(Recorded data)
======
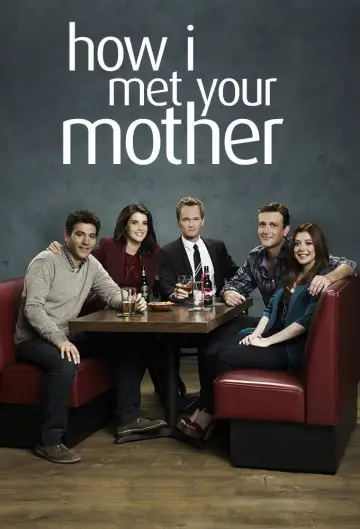 Plakat к сериалу "Jak poznałem waszą matkę" #1260019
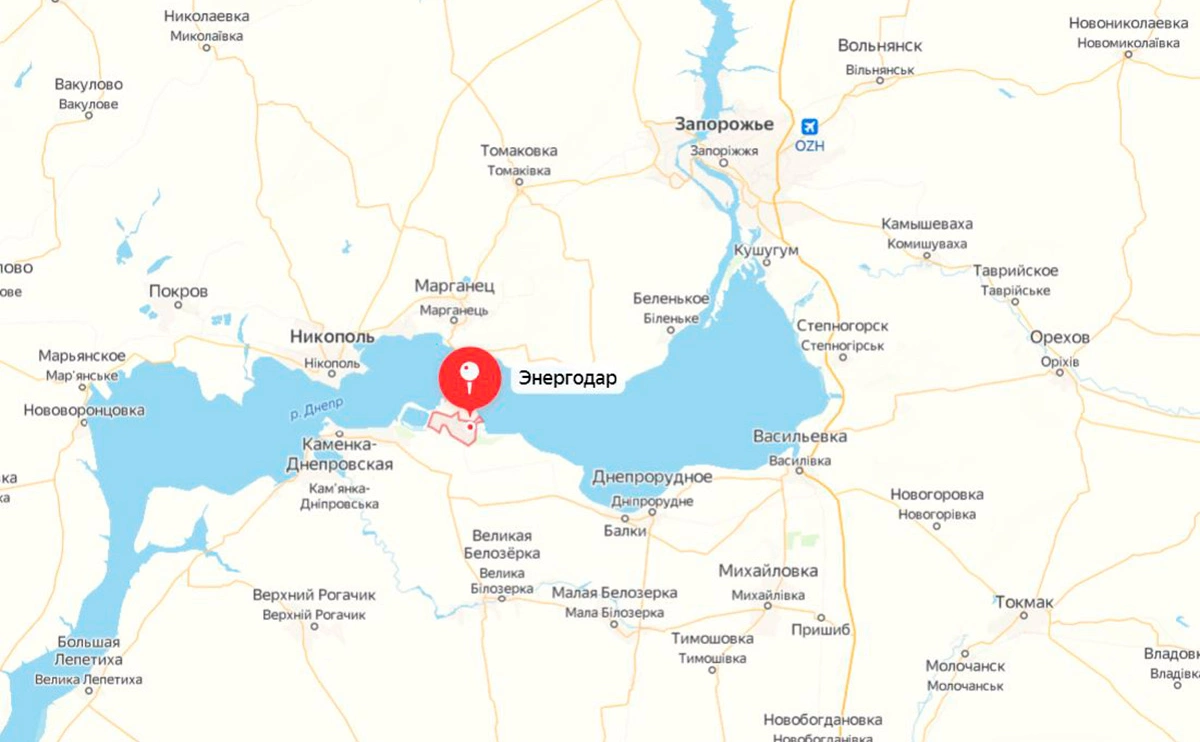 Яндекс.Карты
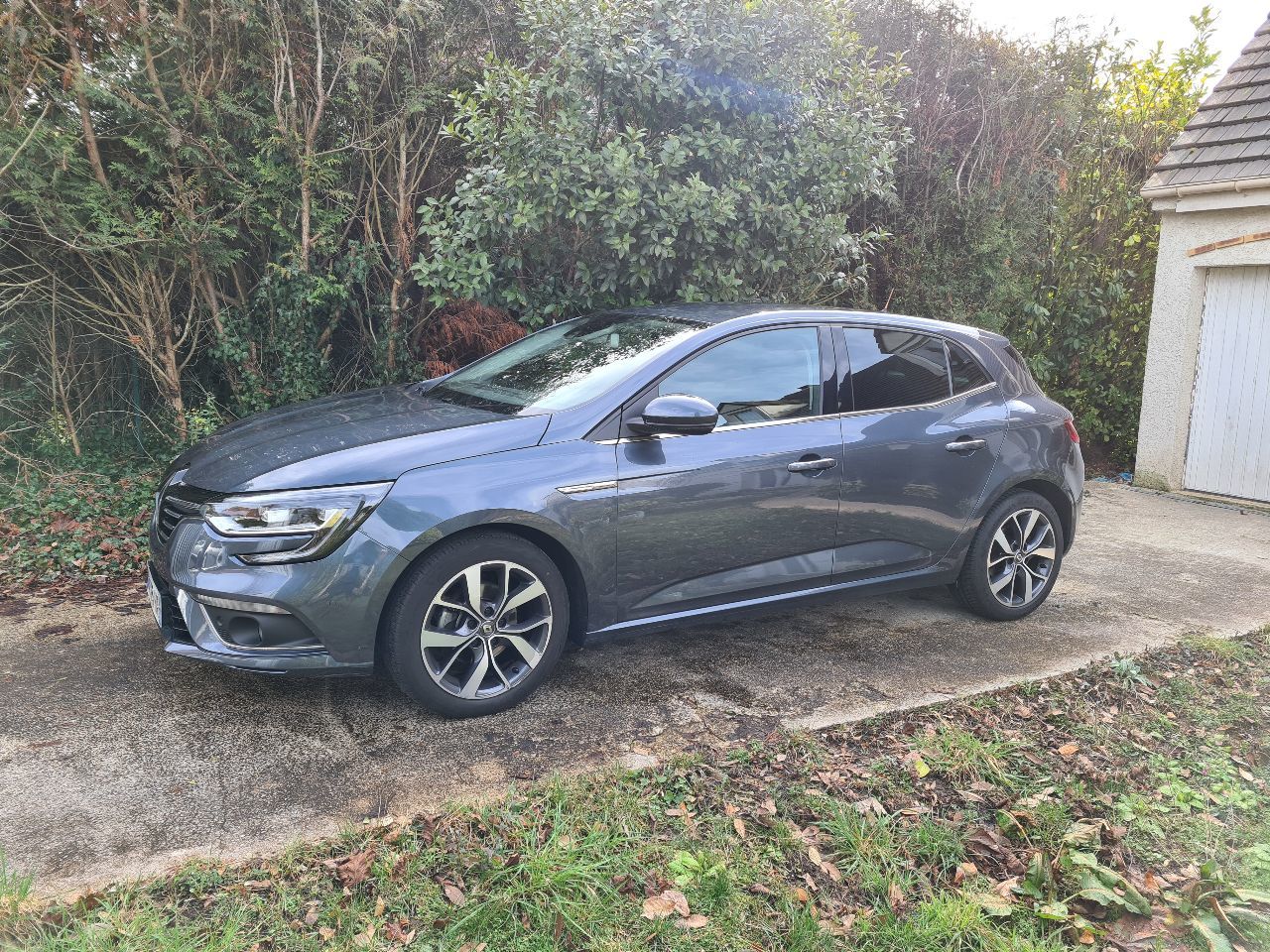 Photo RENAULT MEGANE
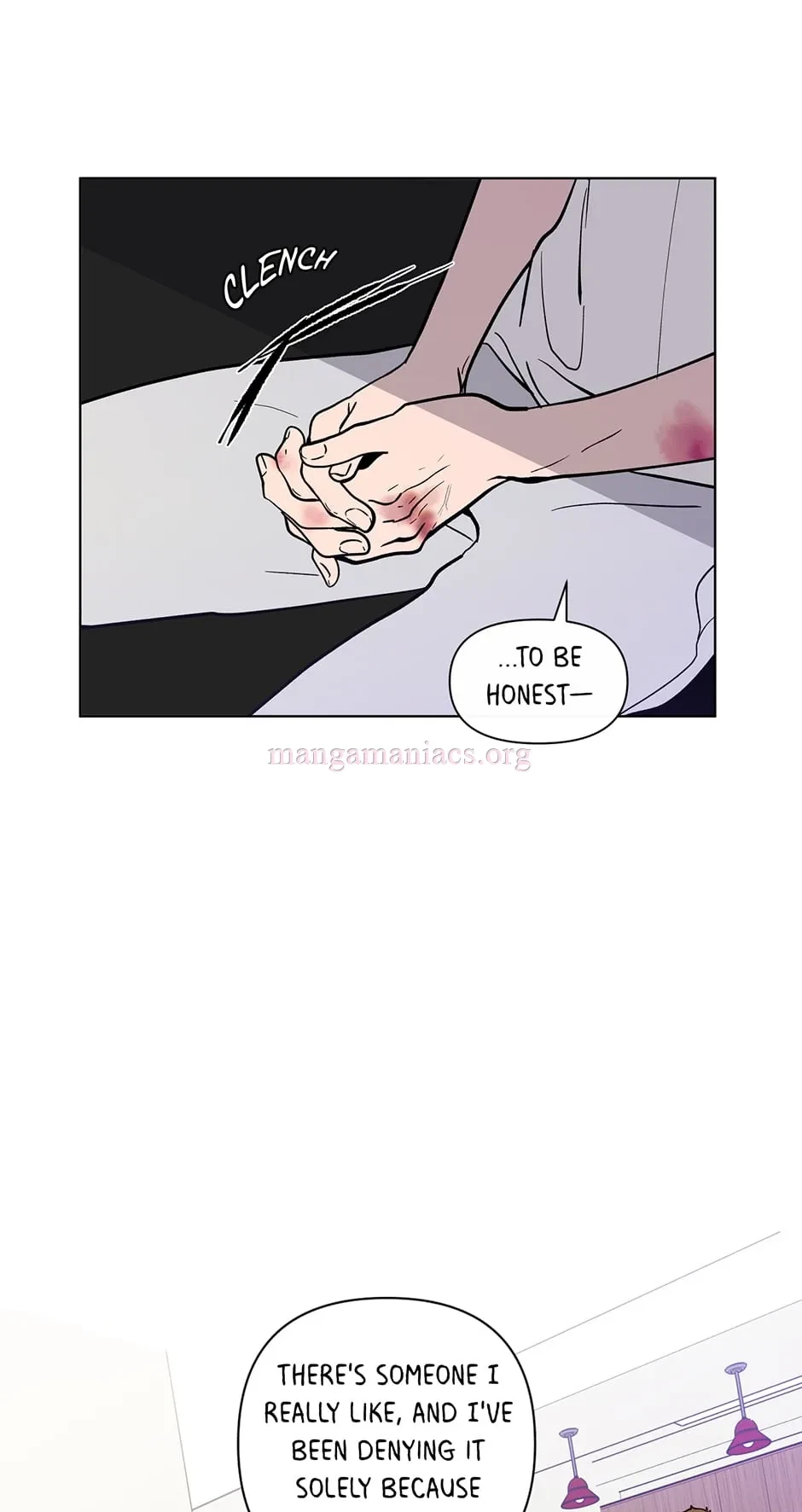 Banana Scandal Chapter 112, page 33
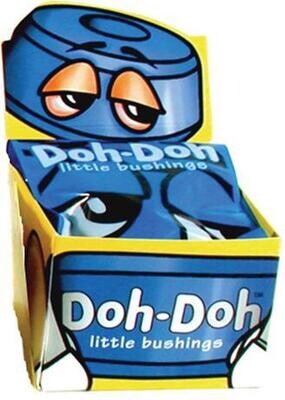Doh-Doh Bushings 88A - blau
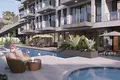 Mieszkanie 1 pokój 57 m² Alanya, Turcja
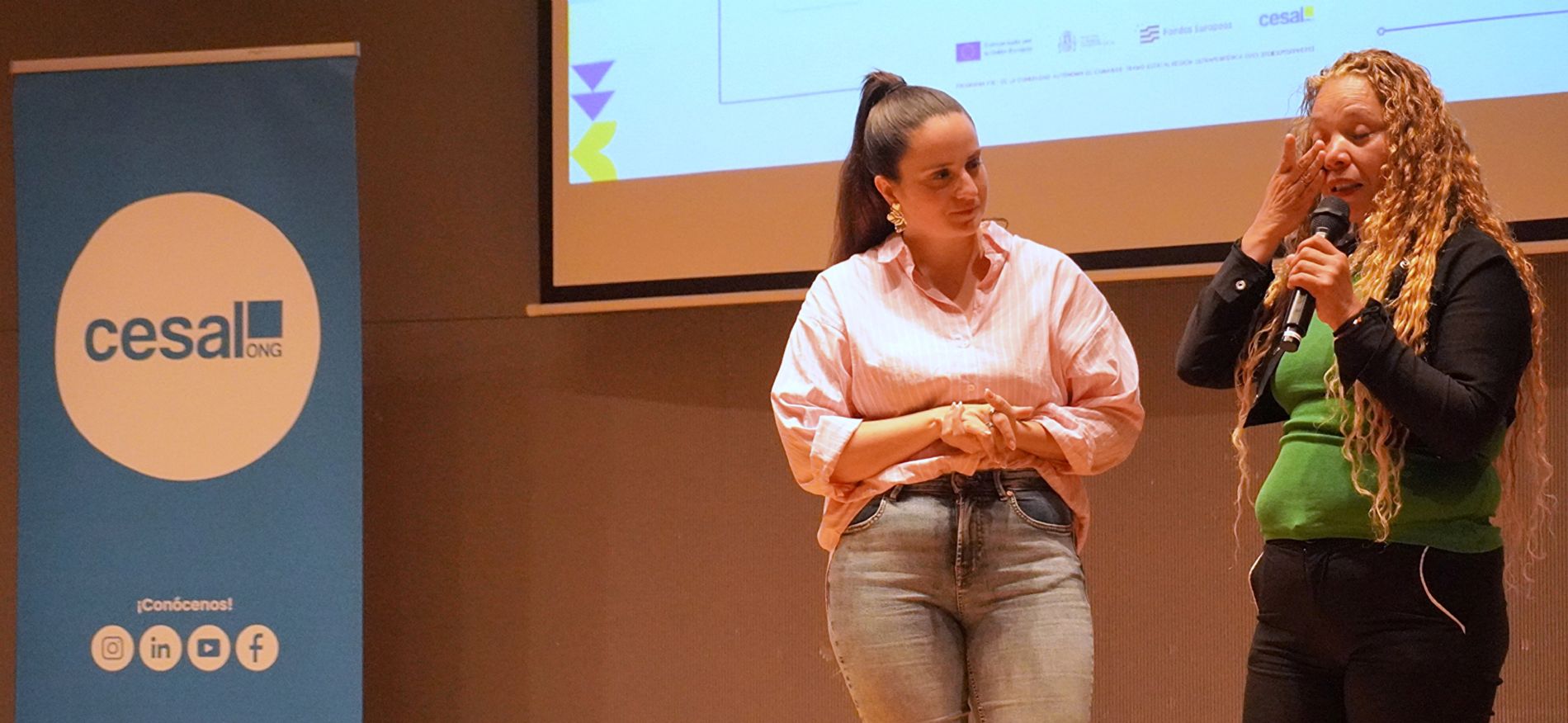 Mar�a Delmi Higuita Rodr�guez participante de la formaci�n de Limpieza Profesional de Instalaciones y Hoteles.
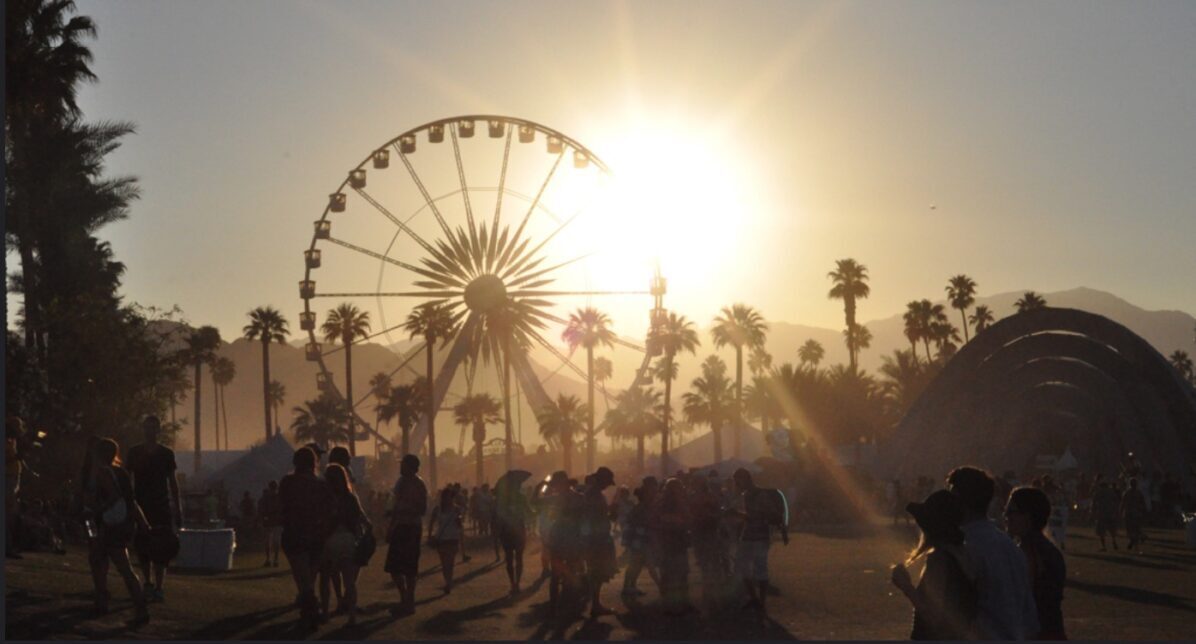 Coachella – Photo by Jason Persse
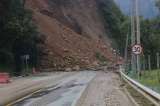 Han removido más de 193.000 metros cúbicos de la vía al Llano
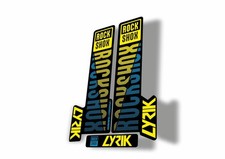 Rock shox lyrik 2018 kit - rock,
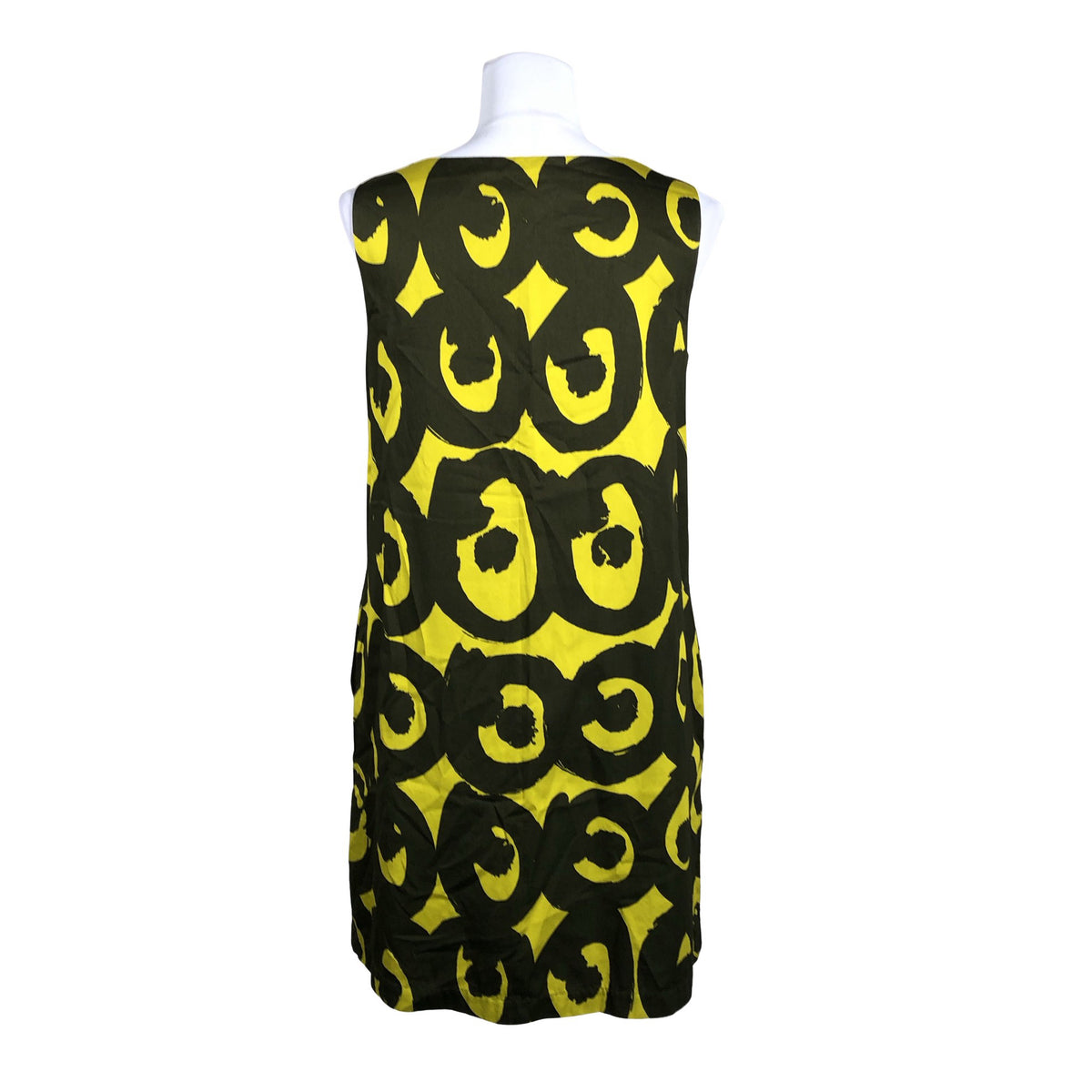 Naisten Marimekko - Kangasmekko, koko 40 - Vihreä (3)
======
Exercise requirements =>
Set down exactly, and only, the lines from the one containing "Photo RENAULT MEGANE" through the last line of the entries. Pictures do not belong in the copy.

Response to the task =>
 Photo RENAULT MEGANE
 Banana Scandal Chapter 112, page 33
Doh-Doh Bushings 88A - blau
 Mieszkanie 1 pokój 57 m² Alanya, Turcja
 Mar�a Delmi Higuita Rodr�guez participante de la formaci�n de Limpieza Profesional de Instalaciones y Hoteles.
 Coachella – Photo by Jason Persse
 Han removido más de 193.000 metros cúbicos de la vía al Llano
 Rock shox lyrik 2018 kit - rock,
 Naisten Marimekko - Kangasmekko, koko 40 - Vihreä (3)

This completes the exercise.